Stawki za pracę ratownika od kilku lat rosną. W 2014 roku na większości kąpielisk ratownik mógł liczyć na 1000 zł netto miesięcznie. Dziś w sieci pojawiają się oferty przekraczające 4000 zł netto miesięcznie.
– W momencie, gdy zaczęły powstawać baseny, powstał deficyt ratowników. Siłą rzeczy różne firmy zaczęły dawać ratownikom coraz więcej, aby ich pozyskać lub zatrzymać. Dziś to dobrze opłacany zawód. Ratownik dostaje na rękę od 17 nawet do 20 zł za godzinę pracy – dodaje Jarosław Włodarczyk.

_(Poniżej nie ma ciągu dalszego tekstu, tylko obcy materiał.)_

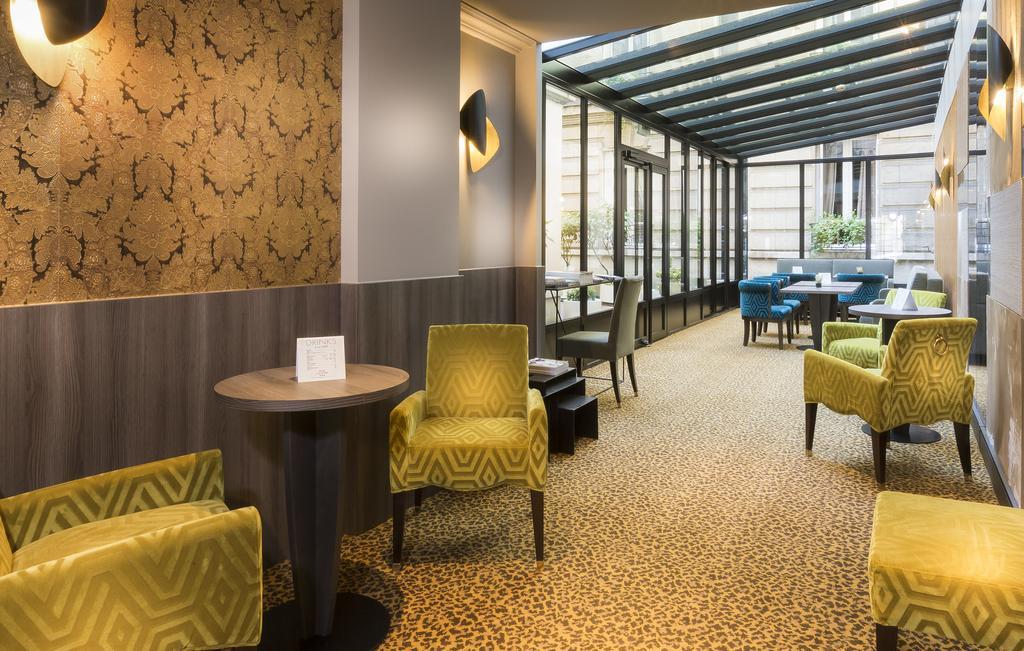 Hotel Concortel Париж Экстерьер фото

Ratownik wodny to dziś mocno wyspecjalizowany zawód, a jest ich w Polsce za mało, dlatego to pracownicy dyktują warunki.
Anonim temu
11 marca 2019 na 23:19
jaki piękny ratownik
Magda temu
10 marca 2019 na 21:03
Szkoda że tylko nad morzem zdają sobie z tego sprawę, a problem jest w całym kraju.